Embora seja um economista ultraliberal e que sempre atuou no setor financeiro, Paulo Guedes tem sinalizado em alguns momentos a possibilidade de uma intervenção mais ativa no câmbio, com uma possível aposta num real mais desvalorizado.

Se a recuperação da competitividade da produção nacional gerar crescimento da economia e da arrecadação, o passo seguinte seria a redução de impostos das empresas. Parte das reservas em dólares também poderia ser usada para reduzir a dívida pública, possibilitando juros menores no futuro.

Ou seja, o tripé macroeconômico, tão festejado pelo mercado financeiro, mas que tem engessado o crescimento do setor produtivo brasileiro, poderia sofrer mudanças importantes no novo governo – embora não haja qualquer garantia de que essas sinalizações do novo ministro da Economia se confirmem.

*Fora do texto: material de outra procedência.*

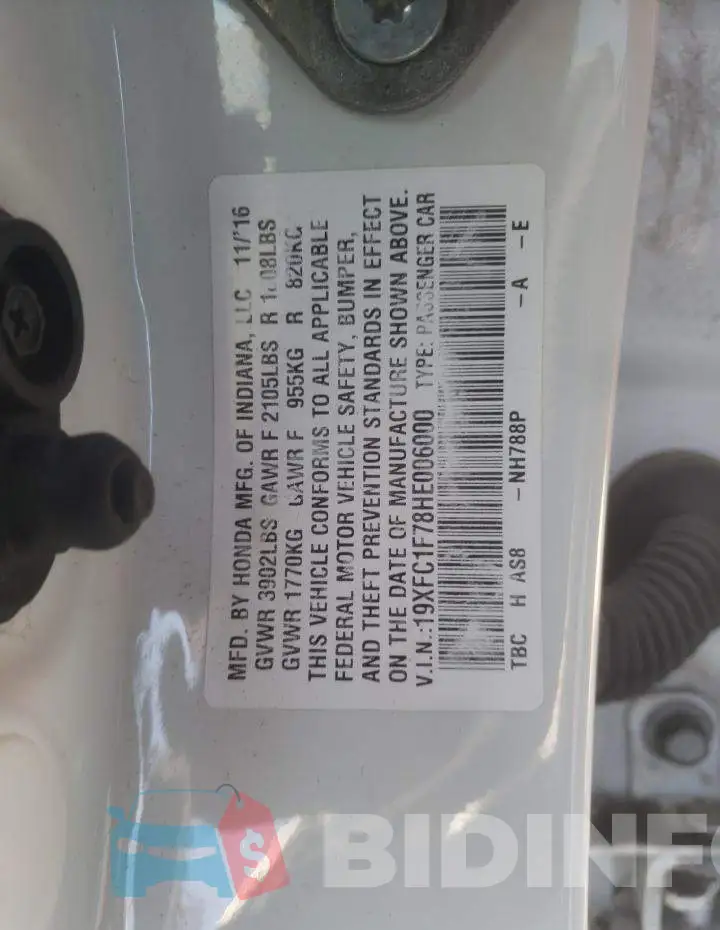 19XFC1F78HE006000 Photo# 12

São apenas especulações. Mas será que é isso que Paulo Guedes quis dizer quando afirmou que pretende “salvar a indústria, apesar dos industriais”? Esses mesmos industriais que celebram a manutenção do tripé econômico com o mercado financeiro? A resposta começará a ser dada em 2019.

Andrés Vivas Frontana

Andrés Vivas Frontana é economista, mestre e doutor em Teoria Econômica pela USP e professor da ESPM, no curso de Administração.